Hospitais universitários de fora

A integração dos hospitais universitários e centrais nas ULS é o ponto de discórdia com Fernando Araújo.  A questão está no financiamento destas instituições.  «Não discordo do modelo de ULS 2,0, discordo do modelo ULS para um hospital universitário», declarou numa recente entrevista ao jornal Público a futura deputada do PSD. Apesar de concordar com «o modelo ULS 2.0  para hospitais distritais» para que exista uma articulação efetiva entre  os cuidados hospitalares e os cuidados primários, a ex-administradora do Santa Maria considera que os universitários devem ficar de fora, uma vez que este modelo gera sublicenciamento. « Um hospital universitário é muitíssimo diferenciado. Não pode e não deve ser financiado por capitação [valor de referência por cada utente]», que é a forma de financiamento das ULS. «Com o modelo de financiamento por capitação, sem um financiamento significativo para a diferenciação e sem um programa de financiamento para medicamentos inovadores para oncologia e doenças raras, este hospital não sobrevive financeiramente». Tendo sido esta a razão que levou à sua demissão no final do ano passado, aceitando pouco depois o convite para integrar as listas da AD.

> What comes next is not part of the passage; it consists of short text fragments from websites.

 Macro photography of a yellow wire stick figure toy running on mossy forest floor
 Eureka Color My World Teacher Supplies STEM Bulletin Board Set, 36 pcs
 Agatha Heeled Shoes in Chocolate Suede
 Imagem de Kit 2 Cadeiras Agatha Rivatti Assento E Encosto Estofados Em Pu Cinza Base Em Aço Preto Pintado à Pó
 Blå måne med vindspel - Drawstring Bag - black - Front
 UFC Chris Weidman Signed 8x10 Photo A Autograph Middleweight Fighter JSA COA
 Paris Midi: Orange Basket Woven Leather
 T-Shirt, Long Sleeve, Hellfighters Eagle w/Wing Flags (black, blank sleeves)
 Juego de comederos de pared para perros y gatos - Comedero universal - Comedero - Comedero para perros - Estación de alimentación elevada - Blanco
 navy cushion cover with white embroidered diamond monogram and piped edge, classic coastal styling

Este entendimento está enquadrado no programa eleitoral da coligação, a qual assumiu como compromisso «Desenvolver Sistemas Locais de Saúde e reforçar equipas clínicas de proximidade, reavaliando o processo das ULS quanto à escala, âmbito e funcionalidade».

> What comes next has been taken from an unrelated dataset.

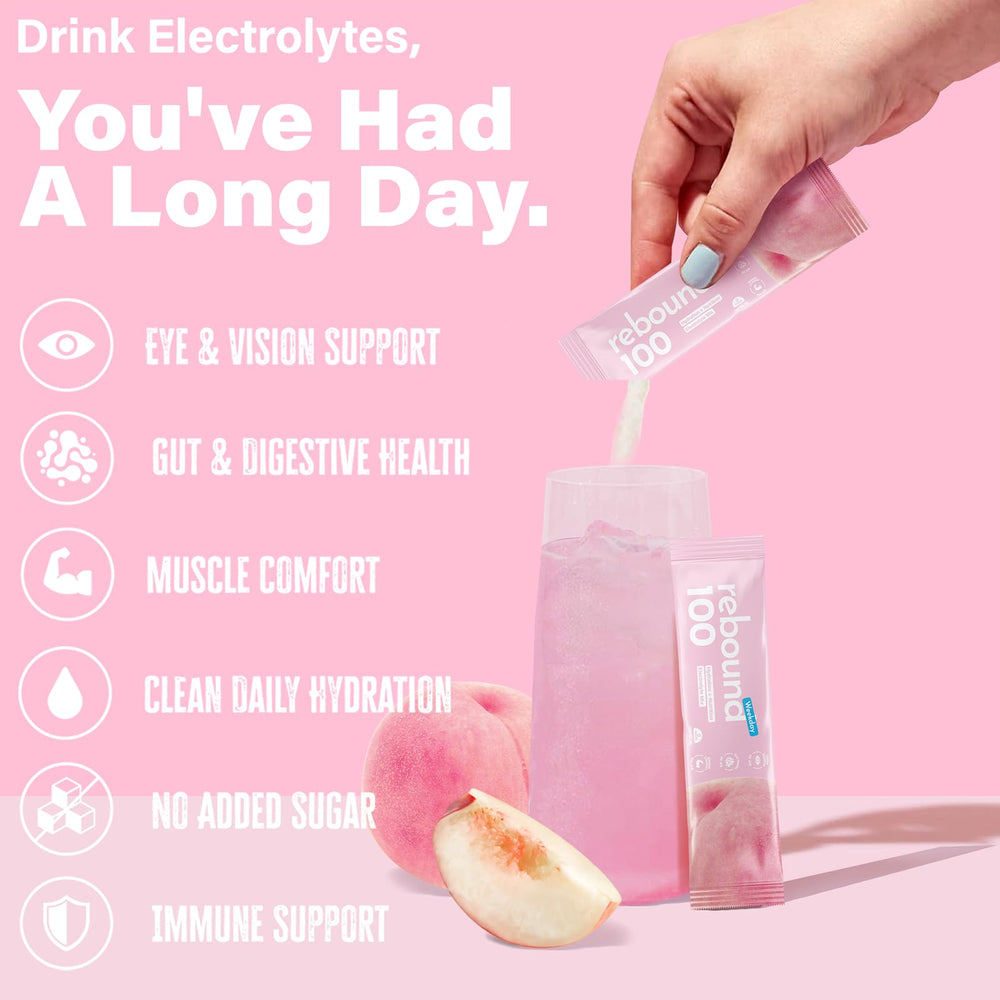 Liveen Rebound100 vegan, non-GMO formula supports desk hydration.
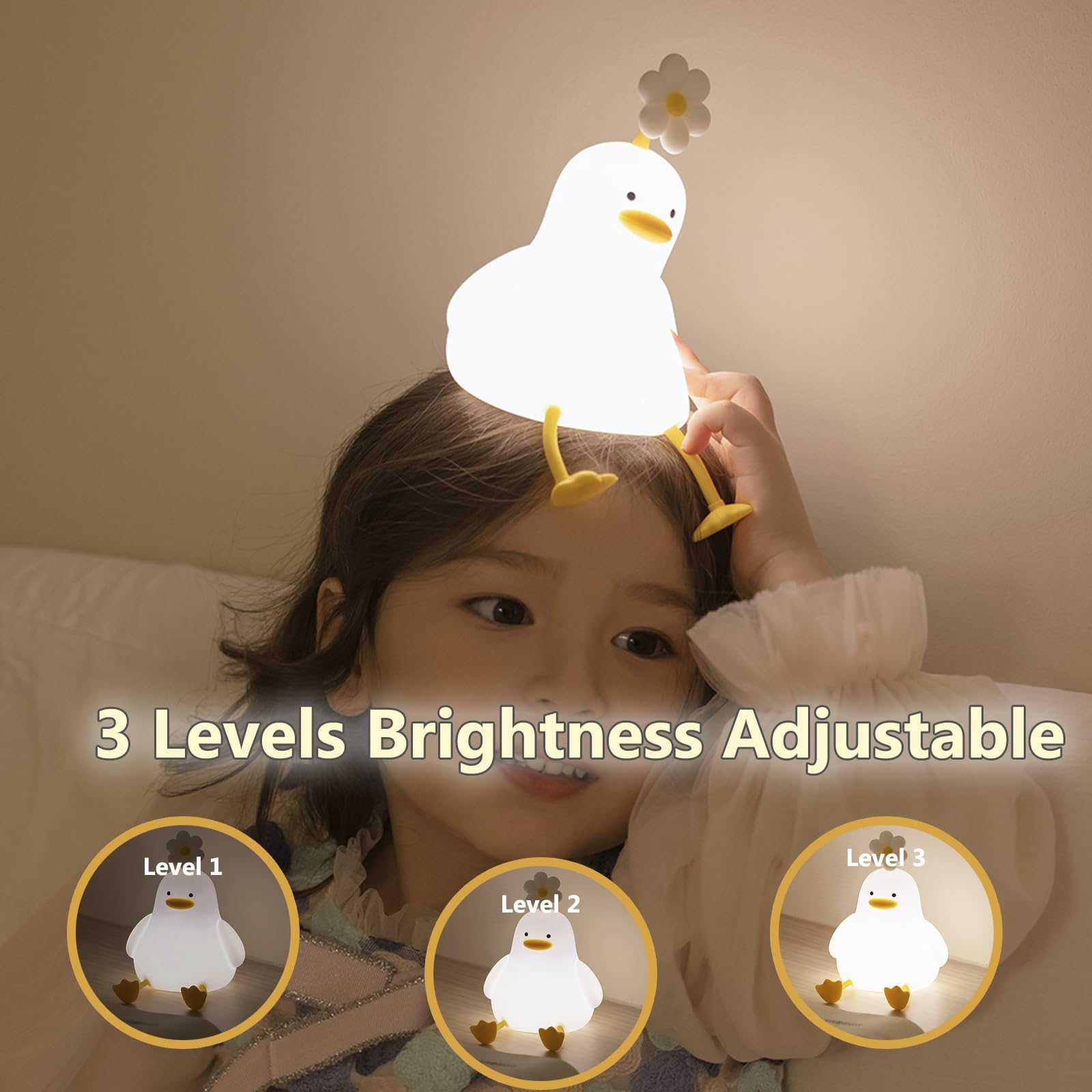 LumiQuack - Kawaii Flower Duck LED Night Light, USB Rechargeable, Soft Touch Control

Também Miguel Pinto Luz, vice-presidente do PSD, afirmou publicamente que o novo modelo é «uma aberrante configuração das ULS que englobam os hospitais centrais, os hospitais universitários e torna ingerível não só a própria ULS, como as estruturas hospitalares de referência». AoNascer no SOL, ena mesma altura, o social-democrata  justificou  que o pedido de suspensão da reestruturação do SNS,_pelo PSD, não significava que o partido fosse «contra a criação de novas ULS, o problema é que o modelo está mal desenhado». E adiantou que, caso a AD vencesse as eleições, uma das possíveis alterações seria «retirar os hospitais universitários e de fim de linha na nova estrutura, uma vez que estes têm uma abrangência nacional e uma vocação que não tem cabimento dentro desta estrutura».

Caso isto aconteça, o modelo desenhado por Fernando Araújo estará em causa e ficará desvirtuado, uma vez que os maiores hospitais são os pilares da nova estrutura do SNS. E  o diretor-executivo não terá outra alternativa senão sair ou refazer o que foi feito. 

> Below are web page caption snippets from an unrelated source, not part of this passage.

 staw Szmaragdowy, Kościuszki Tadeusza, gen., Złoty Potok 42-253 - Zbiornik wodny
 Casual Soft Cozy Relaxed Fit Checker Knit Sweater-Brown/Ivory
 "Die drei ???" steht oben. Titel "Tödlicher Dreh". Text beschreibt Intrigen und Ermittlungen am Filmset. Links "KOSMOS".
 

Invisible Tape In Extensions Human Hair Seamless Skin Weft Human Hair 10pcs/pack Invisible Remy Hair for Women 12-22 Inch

Outro compromisso da coligação é «Reformular a Direção Executiva do SNS, com uma alteração profunda da sua estrutura orgânica – mais simplificada –, e das suas competências funcionais». A AD posicionou-se contra a sobreposição de competências com as ARS, a ACSS_e a própria Direção-Geral da Saúde e também contra a retirada de competências exclusivas do Ministério da Saúde. Sendo consequente nesta tomada de posição, o novo Governo irá esvaziar a  DE-SNS. Outro ponto de honra de Fernando Araújo.

PPP: sim ou não?

No programa eleitoral da AD o tema é omisso. A coligação não se compromete em regressar às PPP para  a gestão hospitalar. Apenas com o setor social propõe-se  «Inaugurar novas Parcerias Público-Sociais para unidades de Cuidados Paliativos e Unidades de Cuidados Continuados de 2ª Geração».  Em declarações ao Nascer do SOL, Óscar Gaspar, presidente da Associação de Hospitalização Privada, declarou que, segundo o programa da AD, «parece haver uma motivação no sentido em que os prestadores privados possam dar um contributo mais substancial para o acesso dos portugueses à Saúde, seja por via do do aumento da oferta global, seja por reforço da articulação como SNS» . Adiantando ainda que se afigura «de exequível e rápida execução» a medida proposta pela AD_de «garantir a emissão do Voucher Consulta de Especialidade, com liberdade de escolha do prestador pelo utente quando é ultrapassado o Tempo Máximo de Resposta Garantido (TMRG)». Quanto às PPP, Óscar Gaspar sublinha que o programa eleitoral não faz «qualquer referência» a essa possibilidade. No entanto, e sobre este tema, Ana Paula Martins afirmou na mesma entrevista ao Público: «A  questão ideológica tem de ficar de lado. Se temos relatórios que evidenciam que as Parceria Público-Privadas foram globalmente muito positivas em termos de resultados para o Estado e para os cidadãos, a AD vai olhar para esta questão». A dúvida é se os hospitais privados estão disponíveis.